Complete illustrated version: CSDN Original | Juejin

Case Goal

Real-time collect Hive runtime log files to HDFS, path partitioned by date and hour, convenient for subsequent log analysis with Hive SQL:

/flume/20240717/1430/logs-xxxxx

Components used:

Source: exec source, executes tail -F command to real-time track log files
Channel: memory channel, high-performance memory buffer
Sink: HDFS sink, writes to HDFS with time-based partitioning

Configuration File

Create config file /opt/wzk/flume_test/flume-exec-hdfs.conf:

# Agent component declaration
a2.sources = r2
a2.sinks = k2
a2.channels = c2

# Source: real-time track Hive logs
a2.sources.r2.type = exec
a2.sources.r2.command = tail -F /tmp/root/hive.log

# Channel: memory buffer
a2.channels.c2.type = memory
a2.channels.c2.capacity = 10000
a2.channels.c2.transactionCapacity = 500

# Sink: write to HDFS, partitioned by minute
a2.sinks.k2.type = hdfs
a2.sinks.k2.hdfs.path = hdfs://h121.wzk.icu:9000/flume/%Y%m%d/%H%M
a2.sinks.k2.hdfs.filePrefix = logs-
a2.sinks.k2.hdfs.batchSize = 500
a2.sinks.k2.hdfs.rollInterval = 60
a2.sinks.k2.hdfs.rollSize = 134217700
a2.sinks.k2.hdfs.rollCount = 0
a2.sinks.k2.hdfs.minBlockReplicas = 1

# Binding
a2.sources.r2.channels = c2
a2.sinks.k2.channel = c2

Key Parameters Detailed

Time Placeholders in HDFS Path

%Y%m%d/%H%M will be replaced with actual time, e.g., 20240717/1430. Note: Need timestamp field in Event header, or configure TimestampInterceptor on Source.

If don’t want to depend on Event header, can enable local timestamp:

a2.sinks.k2.hdfs.useLocalTimeStamp = true

File Rolling Strategy

HDFS Sink controls when to close current file and open new file via three parameters:

Parameter	Value	Description
`rollInterval`	60	Roll every 60 seconds (0 means no time-based rolling)
`rollSize`	134217700	Roll when file exceeds 128MB (0 means no size-based rolling)
`rollCount`	0	Don’t roll by Event count

Any of the three conditions triggers rolling.

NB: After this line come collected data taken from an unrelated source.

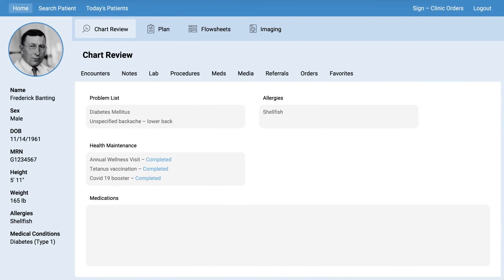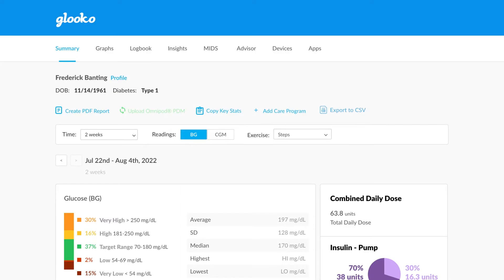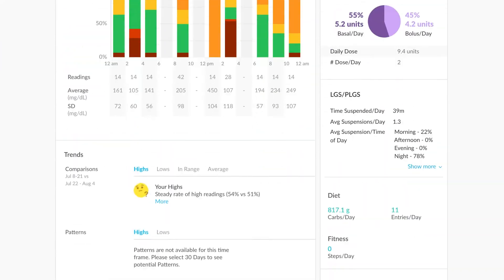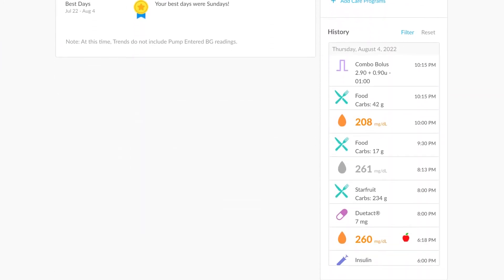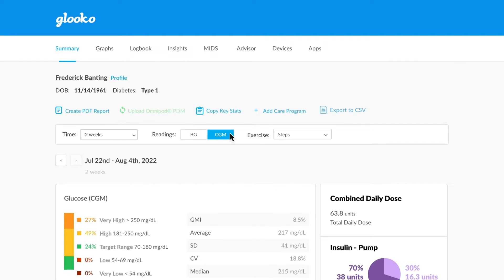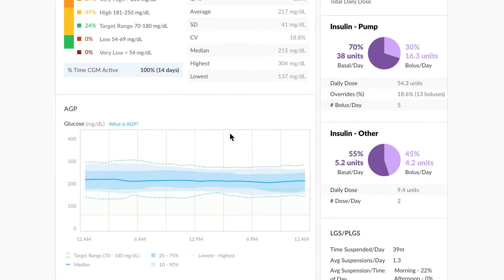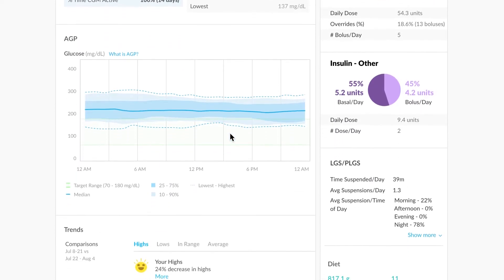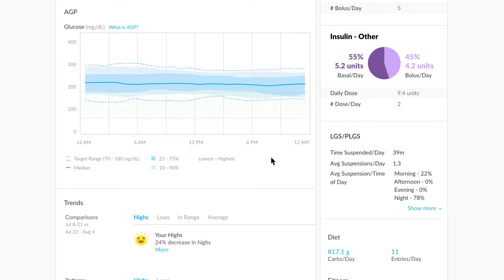Glucose one-click integration supports a direct link from a patient's medical record within your EHR to the same patient's profile within the Glucose web application. This integration eliminates the need to remember login credentials and search through Glucose records, so all your patient's synced device data and key diabetes management statistics are made accessible with only one click of your mouse.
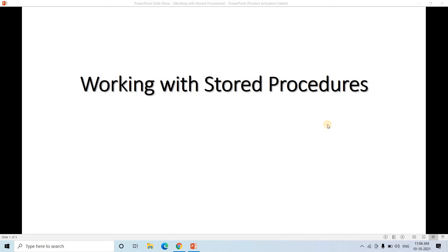Hello friends, welcome to our channel Knowledge Amplifier. Today in this video I am going to discuss how we can write stored procedures in Snowflake.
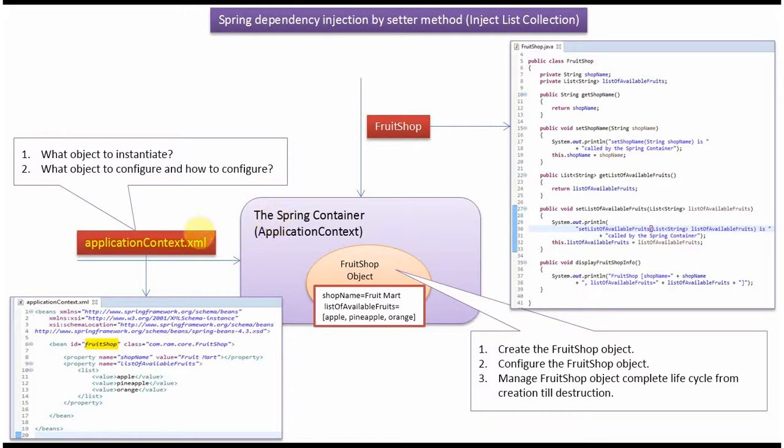Spring Container reads this Spring Configuration file and creates FruitShop object, configures the FruitShop object, and manages the complete lifecycle of FruitShop object.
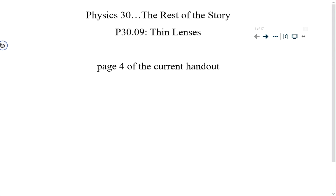Good afternoon everyone. I hope that you're having a good week so far and that everybody's doing great. We're looking today at lesson 30.09 which deals with what we call thin lenses. We refer to them as thin lenses because the formulas that we end up using don't work if the lenses get too thick — just in case you're wondering why we have the word thin there. This lesson can be found on page 4 of your current lesson handout.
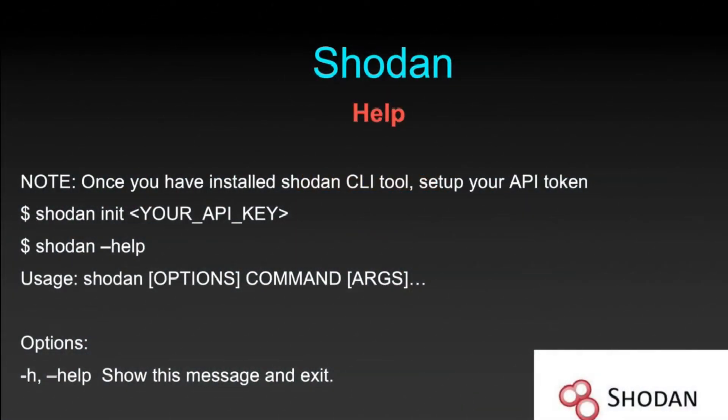Hello and welcome everyone. In this video, we are going to see how you can utilize the help feature of Shodan in case you want to know whatever options you can use to get better results out of Shodan.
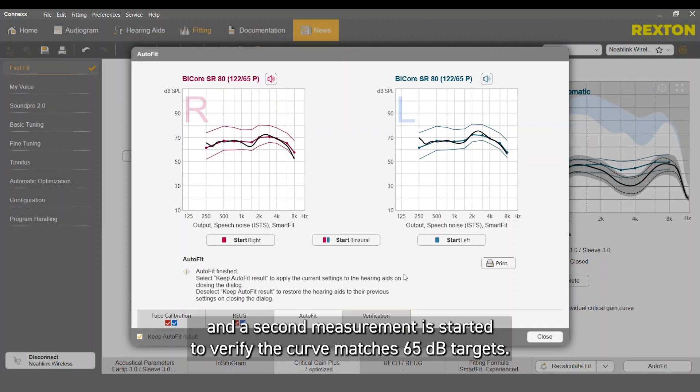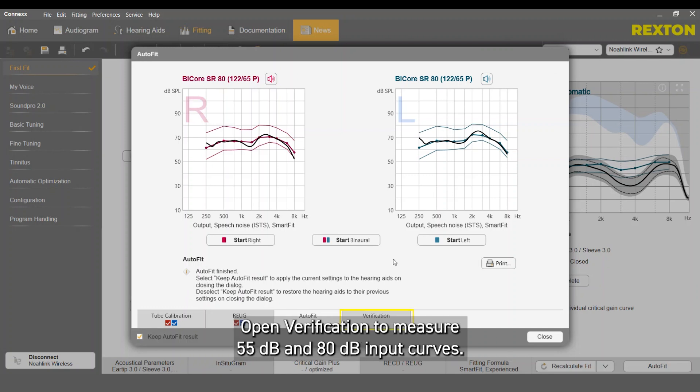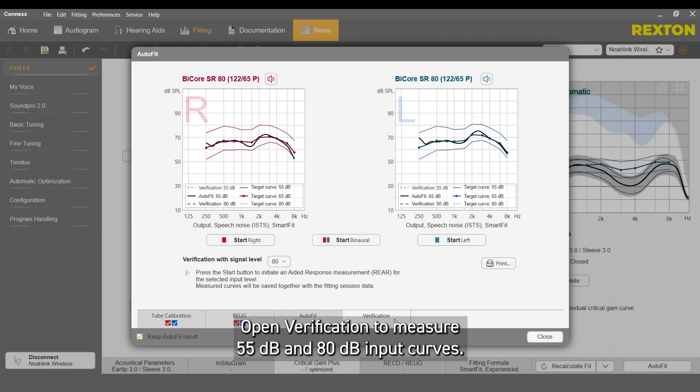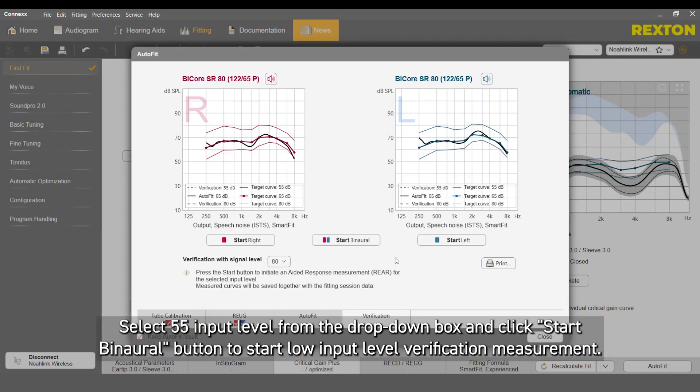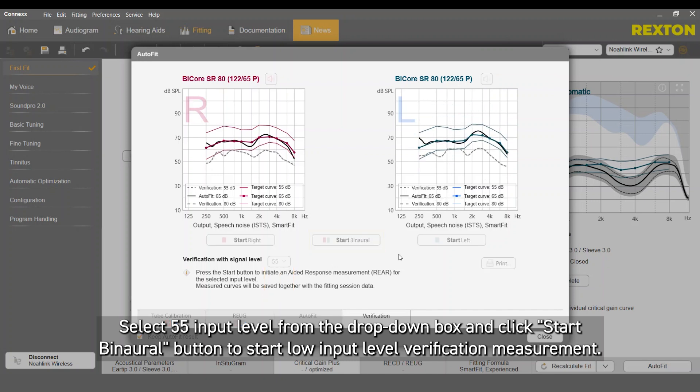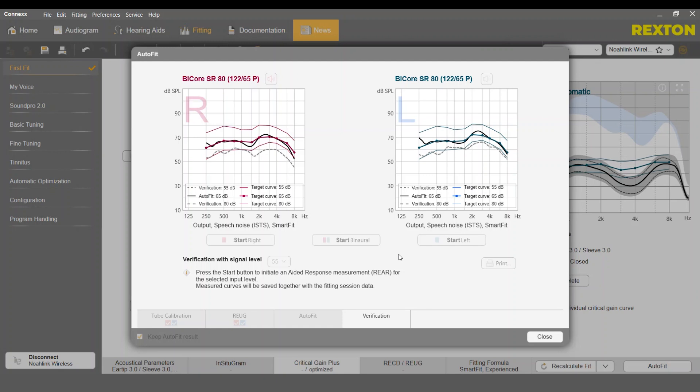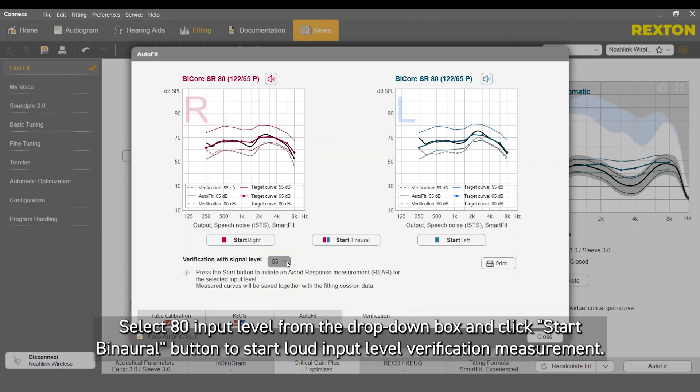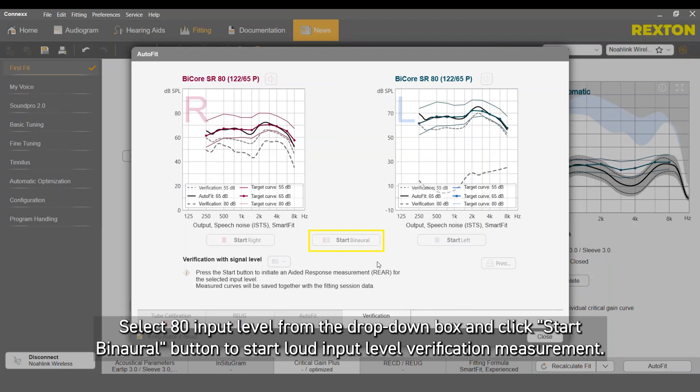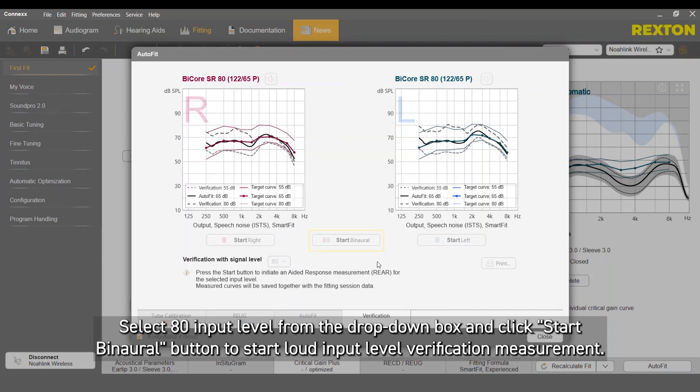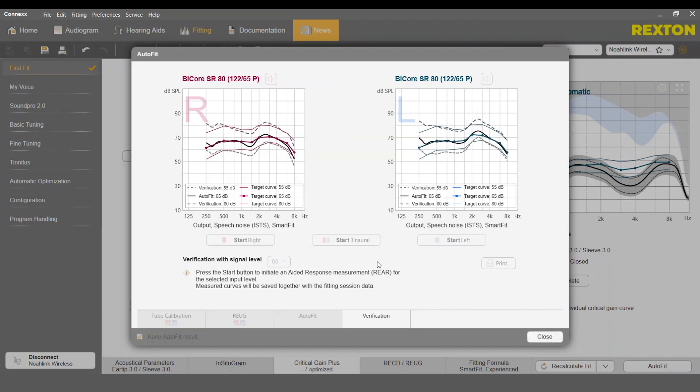Open Verification to measure 55 dB and 80 dB input curves. Select 55 input level from the drop-down box and click Start by Neural button to start low input level verification measurement. Select 80 input level from the drop-down box and click Start by Neural button to start loud input level verification measurement.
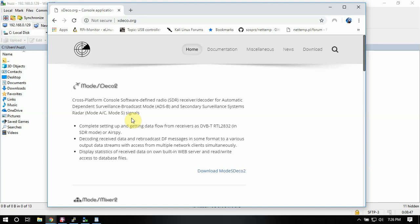Alright, FuzzPieGuy here. I'm going to show you how to install Mode S Mixer 2 on the Raspberry Pi.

This example uses pure time-based rolling.

Replica Count Control

minBlockReplicas = 1 sets minimum replica count for HDFS writes (default follows HDFS cluster config), reduces write wait time in test environment.

batchSize

Number of Events Source takes from Channel and writes to HDFS each time, larger value means higher throughput but also higher memory usage.

Start Collection Task

First confirm Hive log path exists (will be automatically generated after executing an HQL):

ls /tmp/root/hive.log

Start Flume Agent:

$FLUME_HOME/bin/flume-ng agent \
  --name a2 \
  --conf-file /opt/wzk/flume_test/flume-exec-hdfs.conf \
  -Dflume.root.logger=INFO,console

Verify Results

Execute a few SQL statements in Hive to generate logs, then check files on HDFS:

hdfs dfs -ls /flume/
hdfs dfs -ls /flume/20240717/

After rolling period (60 seconds), filename changes from .tmp suffix to official file, indicating write completed:

/flume/20240717/1430/logs-h121.wzk.icu-1721214600000.1721214660000

Use hdfs dfs -cat to view file content, should match Hive logs.